### What is expected
Output every entry below word for word, minus the images.

[Short descriptive text snippets]
────────

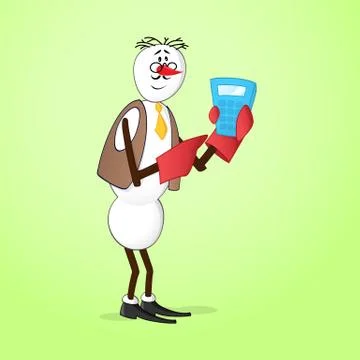 Snowman bookkeeper Stock Illustration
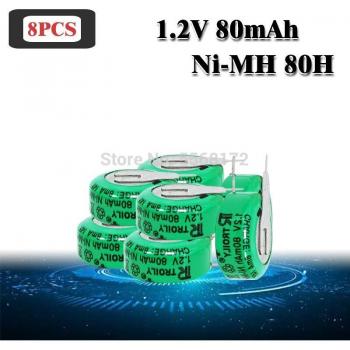 Pila de Botón Ni‑MH 1,2 V 80 mAh con Conector de Soldar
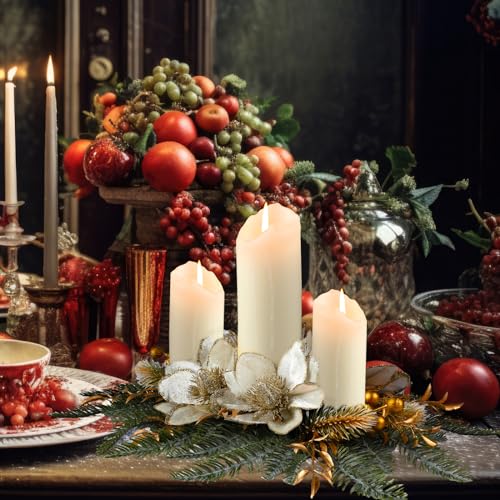 30-Inch Christmas Candle Holder Centerpiece for Dining Table & Mantel (Gold)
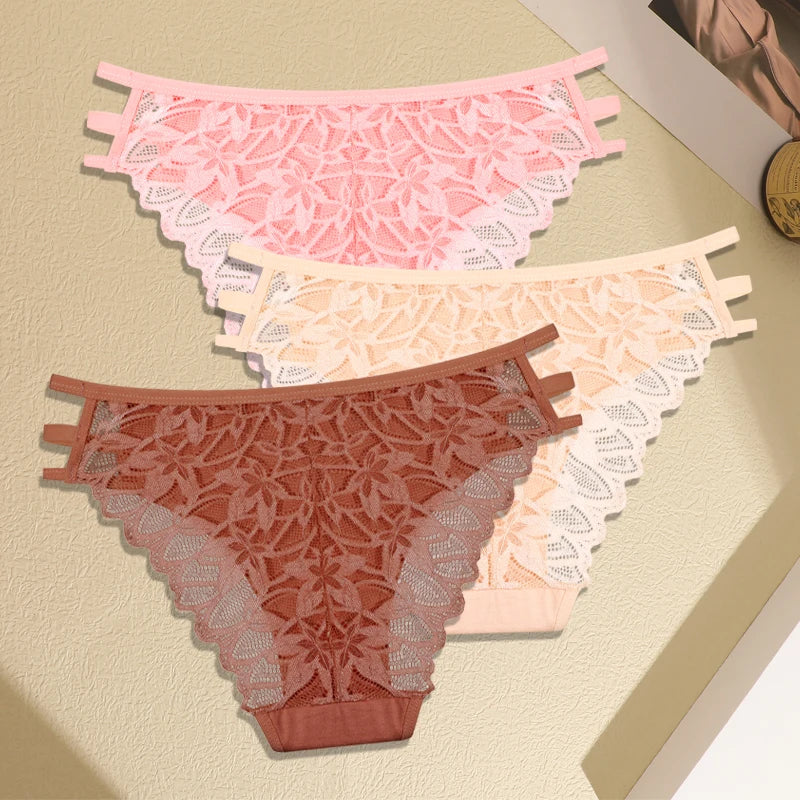 FINETOO 3Pcs Women's Lace Hollow Out Panties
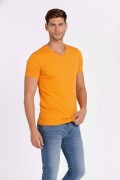 Erkek Body T-shirt V Yaka Slim Fit Likralı Kısa kol Tişört - Sarı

────────

### Exercise solution
 Snowman bookkeeper Stock Illustration
 Pila de Botón Ni‑MH 1,2 V 80 mAh con Conector de Soldar
 30-Inch Christmas Candle Holder Centerpiece for Dining Table & Mantel (Gold)
 FINETOO 3Pcs Women's Lace Hollow Out Panties
 Erkek Body T-shirt V Yaka Slim Fit Likralı Kısa kol Tişört - Sarı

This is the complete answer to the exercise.